Electricity theft costs Mbombela millions

The municipality tabled its audited annual financial statements to council last week during a special council meeting.

NELSPRUIT – The assets of Mbombela Local Municipality (MLM) have decreased over the past financial year, while its liabilities have increased.

The municipality tabled its audited annual financial statements to council during a special council meeting held on Thursday afternoon. The report deals with the 2012/13 financial year, which ended on June 30.

According to the report, the value of the municipality’s total actual assets decreased by R56,6 million or one per cent. Council’s total liabilities increased by R34 million, or three per cent, to stand at R1,1 billion. This amounted to a variance of R415 million from MLM’s budgeted total liabilities which was R644 million.

The Auditor-General (AG) expressed an unqualified audit opinion on MLM’s finances. The AG found that theft and illegal connection of amenities caused MLM to lose R39,7 million for electricity and R2,7 million for water.
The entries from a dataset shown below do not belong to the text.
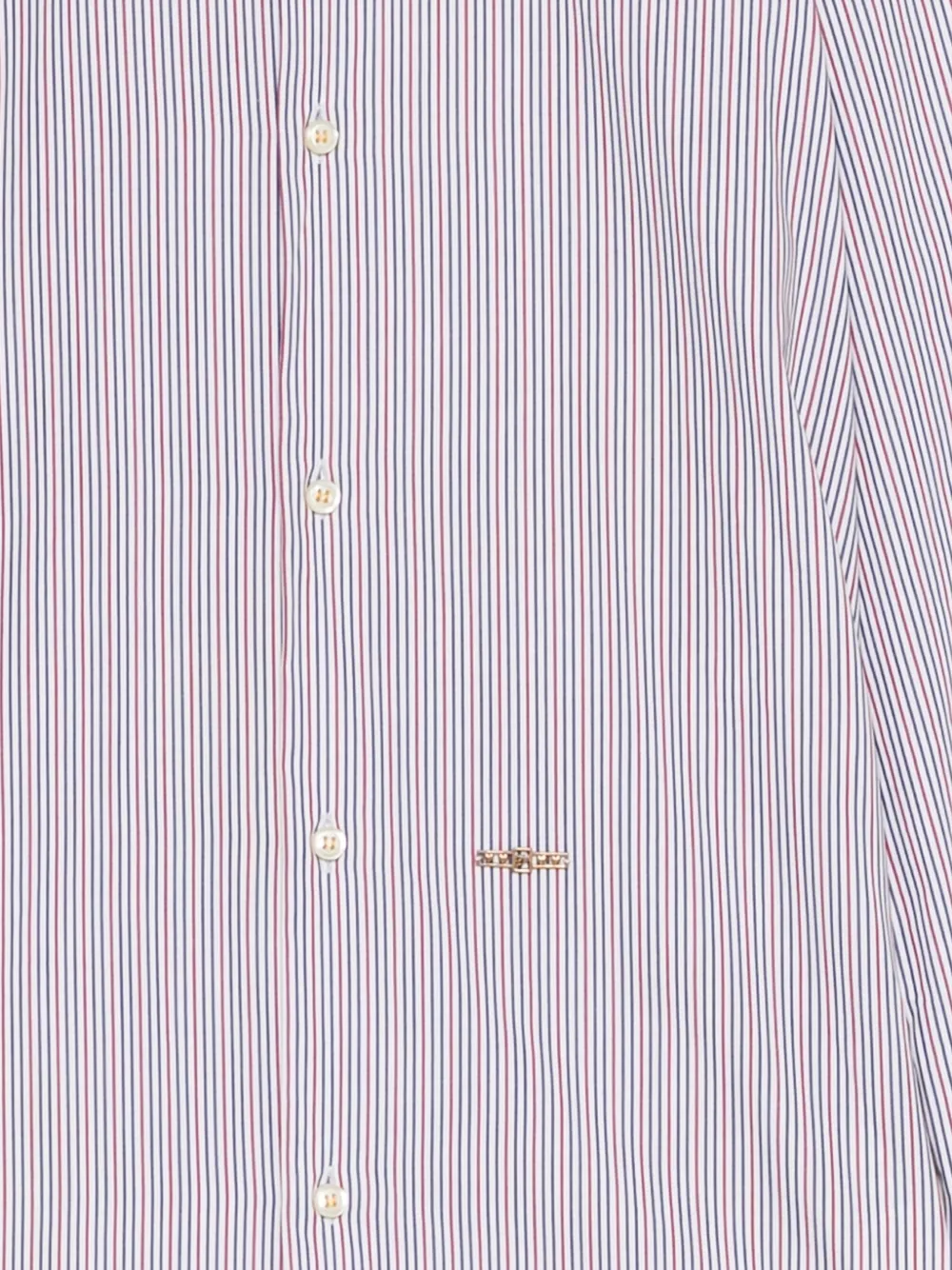DSQUARED2 vertical-stripe long-sleeve shirt Wit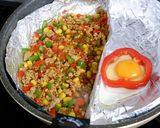 コーンとピーマンのキーマカレー作り方6写真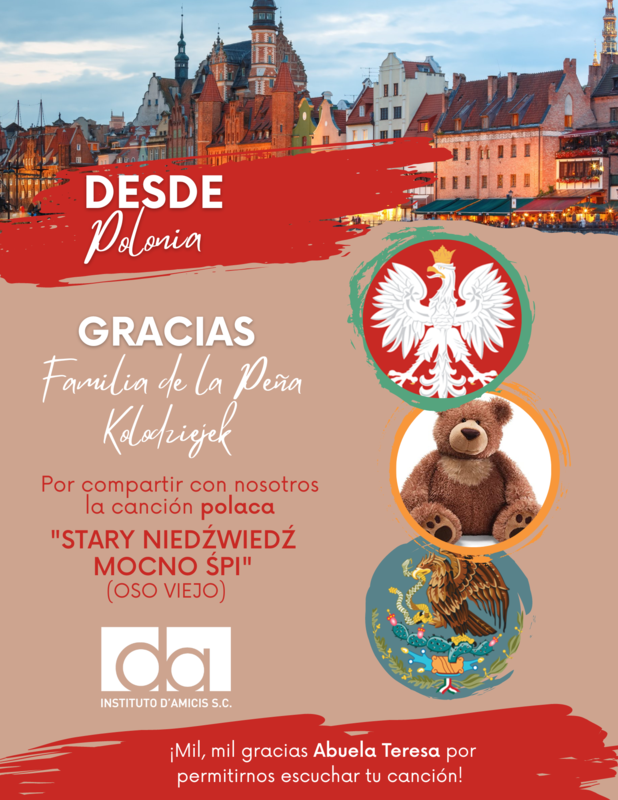 En el marco del Día Internacional de la Lengua Materna y del Día de los Abuelos: ¡Gracias a la Familia de la Peña Kolodziejek!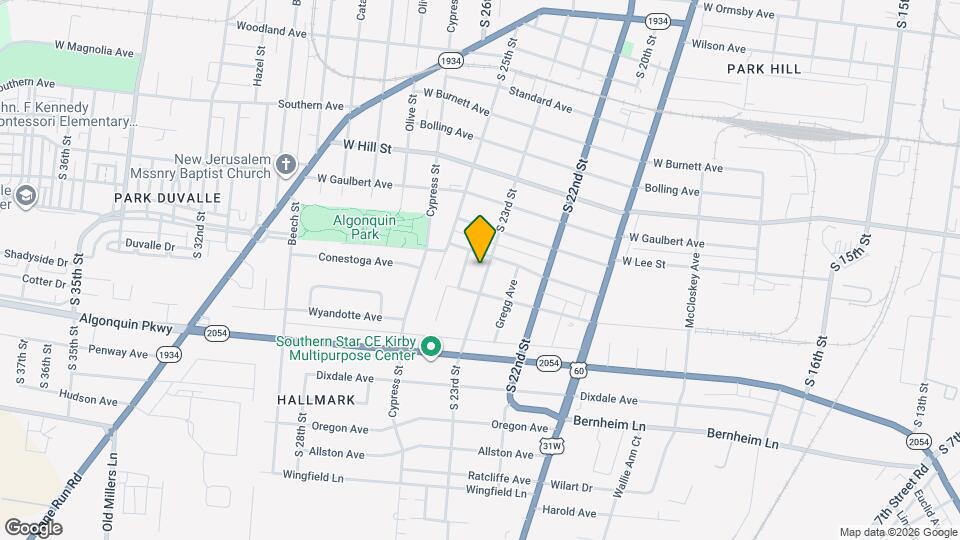 1732 S 23rd St Map and Location Details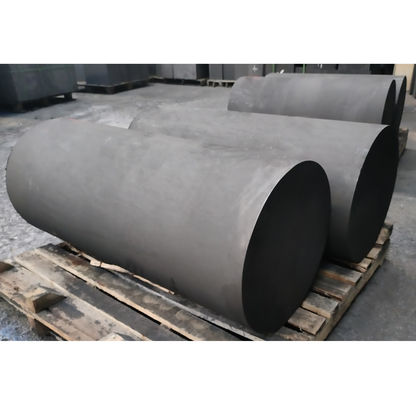 12 μm Graan Size Sintering Graphite Rod Smooth Isostatic Carbon Graphite Block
The municipality also have receivables such as property rates and taxes as well as outstanding water bills totaling R259,6 million and noted that the recoverability of these amounts were “doubtful”.

MLM’s deficit decreased to R91 million, which the municipality noted was partially attributable to the underspending on capital conditional grants since the revenue can only be recognised when the conditions of the grants are met. This amounted to R138,5 million of its conditional grants going unspent.

The AG noted that, “As a consequence, the municipality did not achieve its objective in providing infrastructure”. The report also noted that conditional grants were utilised for purposes other than those stipulated in the grants framework.

The municipality’s audit committee did not review MLM’s performance management or make recommendations to council, as required. “The accounting officer did not take effective steps to prevent unauthorised, irregular or fruitless and wasteful expenditure,” the AG found.

The municipality’s total capital expenditure amounted to R237,8 million. Of this, R6,7 million was on buildings, R16,1 million on community halls and sports fields and R207 million on infrastructure. R7,6 million was also spent on other assets such as motor vehicles and office equipment.

The mayoral committee agreed that meetings between departments and Municipal Public Accounts Committee (MPAC) regarding the annual report be scheduled.